Memorial Tribute for Fr. Christopher Riehl (+)

Laudetur Iesus Christus!  After posting the news of Father Riehl’s passing, we received the following memorial tribute from Mr. Nathaniel Slattery who was both a close friend and the editor of Fr. Riehl’s recently published book on the Blessed Mother entitled, “Listen to Our Lady”

We share this memorial tribute with Mr. Slattery’s permission:

Rev. Christopher Michael Riehl

Father Christopher Michael Riehl told me and my wife that we came into the Church at the twelfth hour of Her passion. We also came into his life in the twelfth hour, and so as I write this, I know that I will say very little about him.

Father Riehl was a good and holy priest, recognized by many as suited for leadership in the Church. He possessed the virtues of courage, wisdom, and magnanimity in the correct proportions, at least from my humble lay point of view, in order to revivify and renew a diocese. Likely, in a just and ordered society, he would have been a bishop shortly, and this is exactly what he would have been doing. He would have extracted his body, mind, heart, and soul of all of its energy and capacity, jogged from one end of the diocese to the other, and removed every semblance and hair of error from every corner such that the faithful could have looked and seen nearly the spotless Bride of Christ within his diocese, or until he collapsed. But this would have necessarily involved ruffling many feathers, not lay so much as clerical, and no doubt very, very many people would be removed by the gravity of their errors. That is why he was not a bishop, and very likely we will never see a bishop like him before Our Lady triumphs. He was exactly the type of person that intimidates the type of priest with which most people live.

Maybe I didn’t know him well enough, maybe I was transported with joy at finding more than a single holy priest (my own parish has a holy priest who knew that his job was to provide the Sacraments these last couple of years), maybe I am a dirty flatterer (pray God no), but this is what I see. We live in such a time, bathed by oceans of infant blood, steeped in the darkness once reserved for homosexual relations before they were allowed to speak up near the altar on Father’s Day in a Catholic Church in Chicago, and under the boot of our Nominalist overlords, that we don’t deserve priests and bishops and popes that remove error and dispel confusion. We have ancestors that for hundreds of years have likely prayed that their progeny would not convert to Catholicism. We have the pride to judge God Himself, and we blaspheme the Holy Ghost to pass the time in our boredom. We live under curses, justly earned, and so we live under poor shepherds.

But God still creates these men in the womb and suckles them in the Sacraments, because His Glory and Holiness are too intoxicating to allow it not to happen. So they exist, and what He seems to do is this: prevent them from having any authority, hide them away from the world that hates Him, and let them do other things than help save people who don’t deserve it.

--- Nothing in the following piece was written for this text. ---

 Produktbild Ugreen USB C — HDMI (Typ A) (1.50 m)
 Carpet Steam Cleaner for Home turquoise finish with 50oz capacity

That is what Father Riehl was. He was a good and holy man, who with all of the capacity and virtue of a saintly bishop in the chrysalis, instead wrote a humble book, and now we can read it. He may not have been suited for writing, which is good, because it is tiresome to read pretty words that say nothing, and those types of books and documents are easy enough to find within the Church. He was suited for salvation and sanctification.

I knew him only a year, and in that year, he perfected my devotional life, consecrated me completely to Mater Dolorosa, and enflamed my desire for sanctity. I firmly believe he was in the rich odor of his own sanctity. His last work was his book, Listen to Our Lady (Or Go To Hell), and you all should read it, because Our Lady took him right after he put down his pen.